◆ Input ◆

━━━━━━━━━━━━━━━━━━━━

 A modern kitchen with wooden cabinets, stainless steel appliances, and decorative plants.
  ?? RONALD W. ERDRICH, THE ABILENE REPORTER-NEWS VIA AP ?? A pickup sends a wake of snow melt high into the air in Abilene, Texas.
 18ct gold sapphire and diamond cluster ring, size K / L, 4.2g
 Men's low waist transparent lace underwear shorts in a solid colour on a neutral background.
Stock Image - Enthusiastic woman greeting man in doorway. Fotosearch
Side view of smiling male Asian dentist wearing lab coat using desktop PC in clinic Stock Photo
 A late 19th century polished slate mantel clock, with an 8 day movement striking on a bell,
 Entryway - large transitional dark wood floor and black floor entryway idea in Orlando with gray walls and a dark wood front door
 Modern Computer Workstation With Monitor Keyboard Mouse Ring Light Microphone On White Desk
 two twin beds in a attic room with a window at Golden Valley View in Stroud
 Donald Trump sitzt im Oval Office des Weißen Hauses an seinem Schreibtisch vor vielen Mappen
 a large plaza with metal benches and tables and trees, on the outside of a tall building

━━━━━━━━━━━━━━━━━━━━

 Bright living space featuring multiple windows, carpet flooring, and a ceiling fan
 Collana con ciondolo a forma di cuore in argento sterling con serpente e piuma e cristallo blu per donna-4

━━━━━━━━━━━━━━━━━━━━

◆ Problem statement ◆
Show all lines above holding the word "large".

◆ The completed task ◆
 Entryway - large transitional dark wood floor and black floor entryway idea in Orlando with gray walls and a dark wood front door
 a large plaza with metal benches and tables and trees, on the outside of a tall building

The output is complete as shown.